Available data:
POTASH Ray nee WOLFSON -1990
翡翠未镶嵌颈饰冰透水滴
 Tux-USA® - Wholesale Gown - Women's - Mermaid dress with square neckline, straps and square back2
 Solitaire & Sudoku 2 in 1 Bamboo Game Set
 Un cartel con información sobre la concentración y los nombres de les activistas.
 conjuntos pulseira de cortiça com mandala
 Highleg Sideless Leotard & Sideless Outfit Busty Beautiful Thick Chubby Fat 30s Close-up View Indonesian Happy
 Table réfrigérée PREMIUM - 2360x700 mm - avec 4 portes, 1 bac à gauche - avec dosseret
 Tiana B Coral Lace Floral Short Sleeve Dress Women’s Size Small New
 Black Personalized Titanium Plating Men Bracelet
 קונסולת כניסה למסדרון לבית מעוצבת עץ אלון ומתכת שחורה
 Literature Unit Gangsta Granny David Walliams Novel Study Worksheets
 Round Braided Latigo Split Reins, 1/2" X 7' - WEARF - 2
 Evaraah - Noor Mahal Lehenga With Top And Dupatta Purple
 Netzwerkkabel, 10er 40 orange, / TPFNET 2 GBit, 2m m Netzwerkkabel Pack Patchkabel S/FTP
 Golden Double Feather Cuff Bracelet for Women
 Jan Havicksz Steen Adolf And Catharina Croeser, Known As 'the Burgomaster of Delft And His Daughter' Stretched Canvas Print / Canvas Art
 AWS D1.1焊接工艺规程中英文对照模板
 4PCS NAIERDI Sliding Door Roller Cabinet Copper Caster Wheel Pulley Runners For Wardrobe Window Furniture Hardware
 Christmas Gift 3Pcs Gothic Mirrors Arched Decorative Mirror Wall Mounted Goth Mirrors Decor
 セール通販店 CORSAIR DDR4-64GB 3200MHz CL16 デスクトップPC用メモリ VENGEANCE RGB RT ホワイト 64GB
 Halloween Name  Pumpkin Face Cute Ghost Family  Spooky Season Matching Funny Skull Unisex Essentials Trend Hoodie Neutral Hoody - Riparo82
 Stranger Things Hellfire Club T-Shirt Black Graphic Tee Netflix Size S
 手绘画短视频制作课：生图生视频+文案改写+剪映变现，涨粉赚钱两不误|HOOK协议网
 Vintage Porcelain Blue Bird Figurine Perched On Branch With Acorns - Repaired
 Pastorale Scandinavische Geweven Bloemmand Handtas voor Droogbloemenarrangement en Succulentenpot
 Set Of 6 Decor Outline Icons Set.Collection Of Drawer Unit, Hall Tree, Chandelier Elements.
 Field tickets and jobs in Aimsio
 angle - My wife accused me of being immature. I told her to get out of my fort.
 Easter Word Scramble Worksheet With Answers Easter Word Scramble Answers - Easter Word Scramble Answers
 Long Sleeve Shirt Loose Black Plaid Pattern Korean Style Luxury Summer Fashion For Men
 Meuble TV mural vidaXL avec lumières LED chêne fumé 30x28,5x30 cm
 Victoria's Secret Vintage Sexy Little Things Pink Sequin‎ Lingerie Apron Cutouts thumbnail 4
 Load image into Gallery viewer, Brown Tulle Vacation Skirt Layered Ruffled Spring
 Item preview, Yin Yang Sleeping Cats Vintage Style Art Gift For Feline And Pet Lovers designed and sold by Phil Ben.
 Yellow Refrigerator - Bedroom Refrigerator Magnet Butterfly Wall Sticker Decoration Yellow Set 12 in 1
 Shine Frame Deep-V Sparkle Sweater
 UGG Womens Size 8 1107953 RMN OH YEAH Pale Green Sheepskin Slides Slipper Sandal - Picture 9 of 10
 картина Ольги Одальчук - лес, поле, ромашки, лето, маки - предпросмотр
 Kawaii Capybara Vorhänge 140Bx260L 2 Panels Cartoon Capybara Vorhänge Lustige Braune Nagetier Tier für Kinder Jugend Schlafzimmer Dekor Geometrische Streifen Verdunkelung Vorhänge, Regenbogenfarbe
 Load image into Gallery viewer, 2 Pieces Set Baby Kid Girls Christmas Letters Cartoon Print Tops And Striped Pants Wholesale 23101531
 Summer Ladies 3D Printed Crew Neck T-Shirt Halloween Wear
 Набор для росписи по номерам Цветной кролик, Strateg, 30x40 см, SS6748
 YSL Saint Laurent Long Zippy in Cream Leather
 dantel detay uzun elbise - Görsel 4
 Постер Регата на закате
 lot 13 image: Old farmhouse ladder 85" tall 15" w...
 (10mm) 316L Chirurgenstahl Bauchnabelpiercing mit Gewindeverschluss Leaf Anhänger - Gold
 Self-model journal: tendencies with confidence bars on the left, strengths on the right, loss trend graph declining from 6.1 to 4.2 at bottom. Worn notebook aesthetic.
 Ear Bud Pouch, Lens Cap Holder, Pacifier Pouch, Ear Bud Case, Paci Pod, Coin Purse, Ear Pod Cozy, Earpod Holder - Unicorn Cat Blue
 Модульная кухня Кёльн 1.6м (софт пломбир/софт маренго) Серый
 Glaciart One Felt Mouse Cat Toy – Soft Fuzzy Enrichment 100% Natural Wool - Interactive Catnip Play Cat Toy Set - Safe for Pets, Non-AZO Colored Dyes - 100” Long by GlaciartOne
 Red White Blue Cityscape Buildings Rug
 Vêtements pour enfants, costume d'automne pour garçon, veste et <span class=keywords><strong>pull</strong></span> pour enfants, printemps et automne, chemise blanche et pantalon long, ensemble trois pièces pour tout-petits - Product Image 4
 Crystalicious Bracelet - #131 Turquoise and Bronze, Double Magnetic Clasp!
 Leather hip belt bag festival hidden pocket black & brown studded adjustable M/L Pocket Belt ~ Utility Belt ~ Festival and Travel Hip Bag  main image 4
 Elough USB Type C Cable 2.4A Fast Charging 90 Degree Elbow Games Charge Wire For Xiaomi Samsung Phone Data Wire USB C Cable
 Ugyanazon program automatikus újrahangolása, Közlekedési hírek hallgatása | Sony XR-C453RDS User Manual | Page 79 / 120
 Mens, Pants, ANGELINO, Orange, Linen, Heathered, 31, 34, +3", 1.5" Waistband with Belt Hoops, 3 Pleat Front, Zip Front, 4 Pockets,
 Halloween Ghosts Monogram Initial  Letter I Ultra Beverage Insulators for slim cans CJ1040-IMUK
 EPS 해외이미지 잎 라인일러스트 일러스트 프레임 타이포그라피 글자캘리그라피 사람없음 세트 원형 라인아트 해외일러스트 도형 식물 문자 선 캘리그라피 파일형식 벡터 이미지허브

Problem description: Determine the count of lines in the data above with the string "Sleeve" in them, and give that count alone.

Solution below: 2